====== Material provided ======
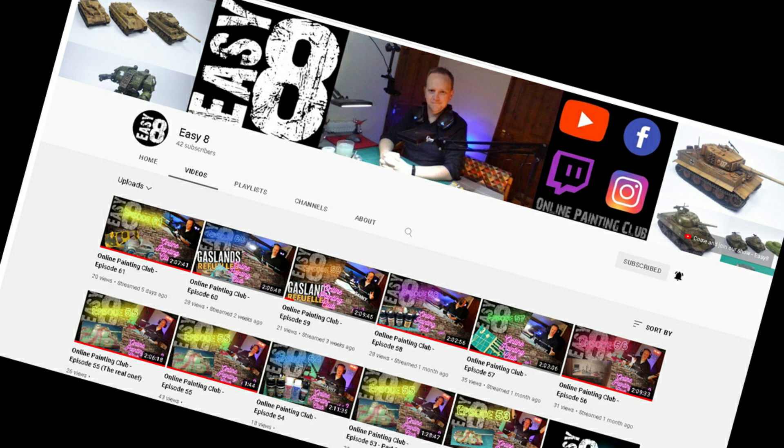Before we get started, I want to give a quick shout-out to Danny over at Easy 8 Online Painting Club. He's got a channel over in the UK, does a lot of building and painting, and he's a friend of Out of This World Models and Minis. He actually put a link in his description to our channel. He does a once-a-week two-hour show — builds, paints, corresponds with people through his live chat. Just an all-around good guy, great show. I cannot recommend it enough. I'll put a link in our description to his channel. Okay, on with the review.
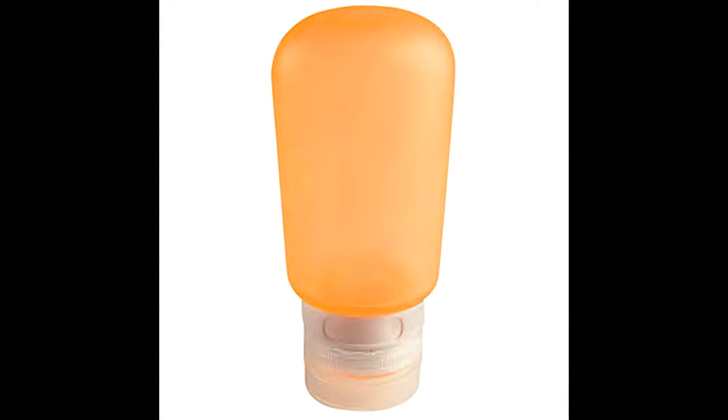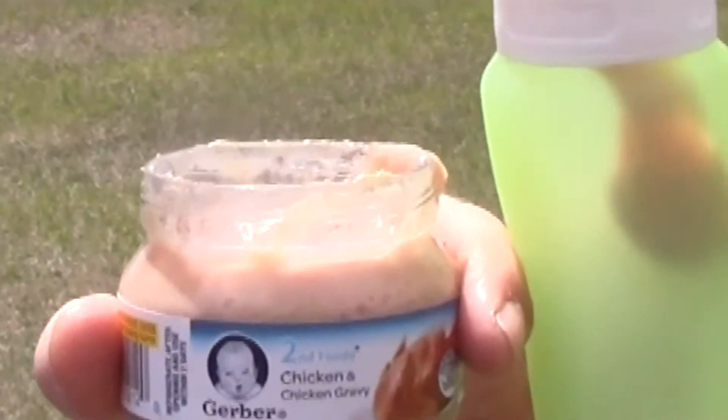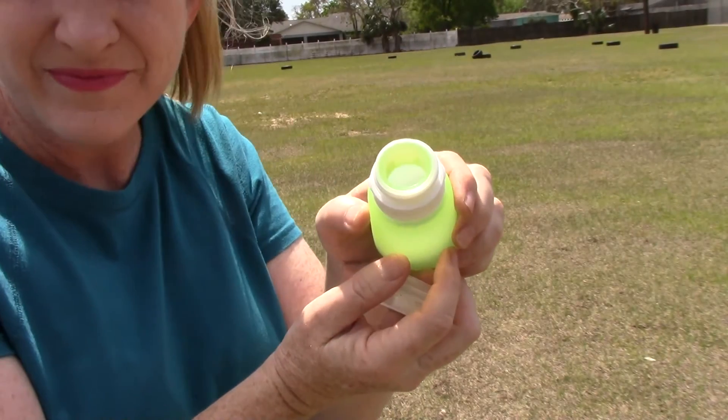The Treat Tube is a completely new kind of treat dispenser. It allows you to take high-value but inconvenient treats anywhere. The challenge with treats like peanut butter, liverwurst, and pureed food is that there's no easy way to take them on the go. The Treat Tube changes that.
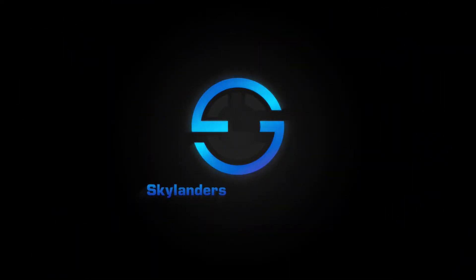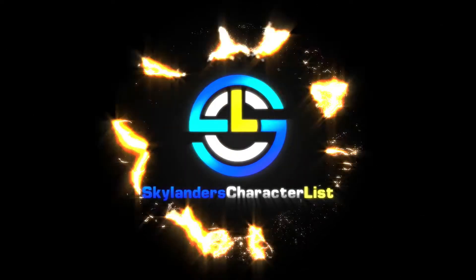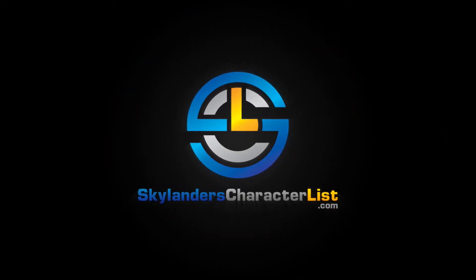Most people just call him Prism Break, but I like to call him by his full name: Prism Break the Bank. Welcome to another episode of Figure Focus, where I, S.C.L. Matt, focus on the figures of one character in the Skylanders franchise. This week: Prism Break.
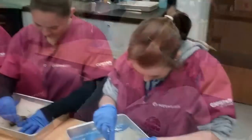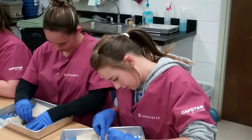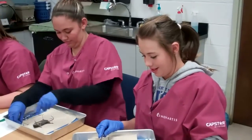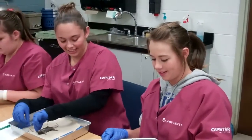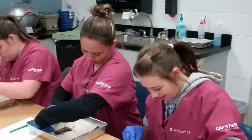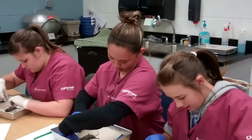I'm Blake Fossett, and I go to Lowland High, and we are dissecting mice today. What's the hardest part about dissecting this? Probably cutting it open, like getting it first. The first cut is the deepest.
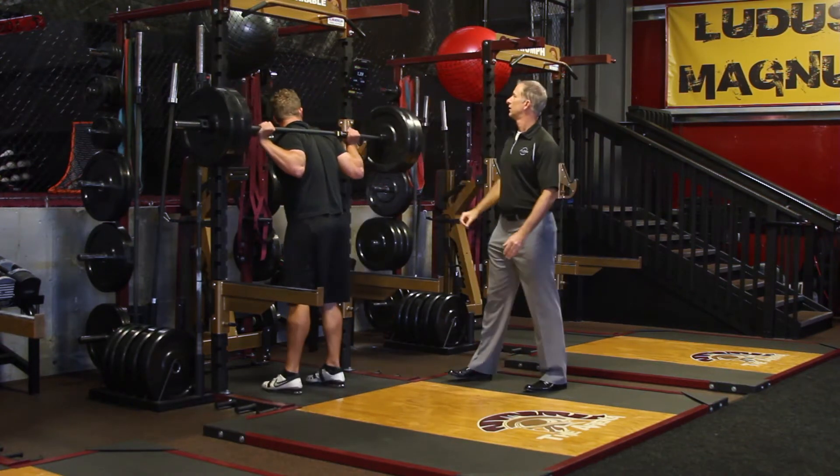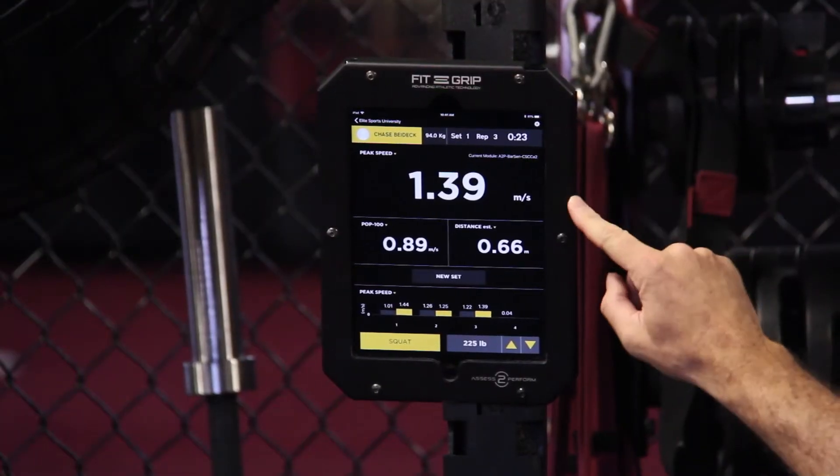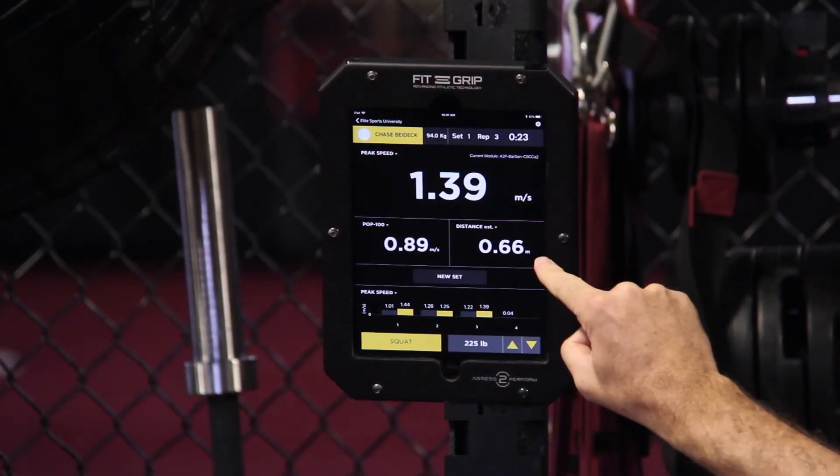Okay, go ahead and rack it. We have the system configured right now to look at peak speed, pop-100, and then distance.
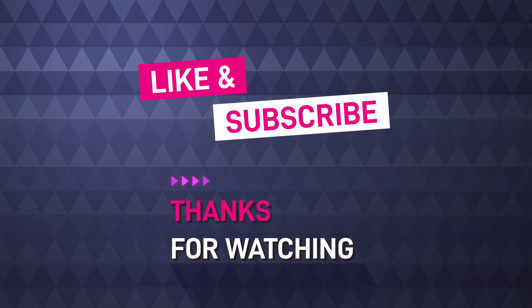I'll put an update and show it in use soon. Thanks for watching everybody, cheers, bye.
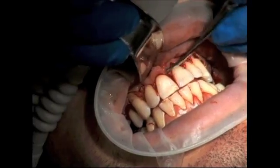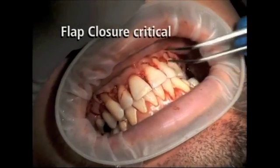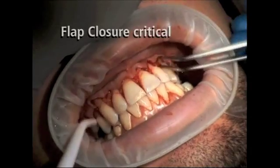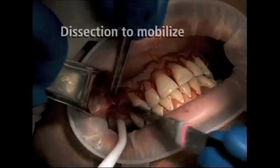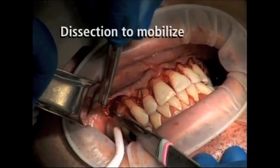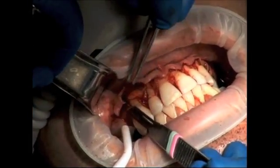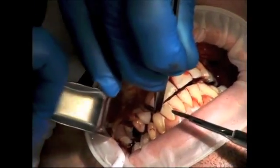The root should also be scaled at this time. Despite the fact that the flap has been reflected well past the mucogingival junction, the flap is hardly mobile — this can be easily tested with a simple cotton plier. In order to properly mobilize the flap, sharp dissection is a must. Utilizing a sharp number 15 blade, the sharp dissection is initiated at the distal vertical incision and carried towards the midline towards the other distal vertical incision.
======
[Work required]: Leave out the pictures. Transcribe only the lines above, from the first through the one that contains "Most people just".

[Result for this exercise]:
Before we get started, I want to give a quick shout-out to Danny over at Easy 8 Online Painting Club. He's got a channel over in the UK, does a lot of building and painting, and he's a friend of Out of This World Models and Minis. He actually put a link in his description to our channel. He does a once-a-week two-hour show — builds, paints, corresponds with people through his live chat. Just an all-around good guy, great show. I cannot recommend it enough. I'll put a link in our description to his channel. Okay, on with the review.
The Treat Tube is a completely new kind of treat dispenser. It allows you to take high-value but inconvenient treats anywhere. The challenge with treats like peanut butter, liverwurst, and pureed food is that there's no easy way to take them on the go. The Treat Tube changes that.
Most people just call him Prism Break, but I like to call him by his full name: Prism Break the Bank. Welcome to another episode of Figure Focus, where I, S.C.L. Matt, focus on the figures of one character in the Skylanders franchise. This week: Prism Break.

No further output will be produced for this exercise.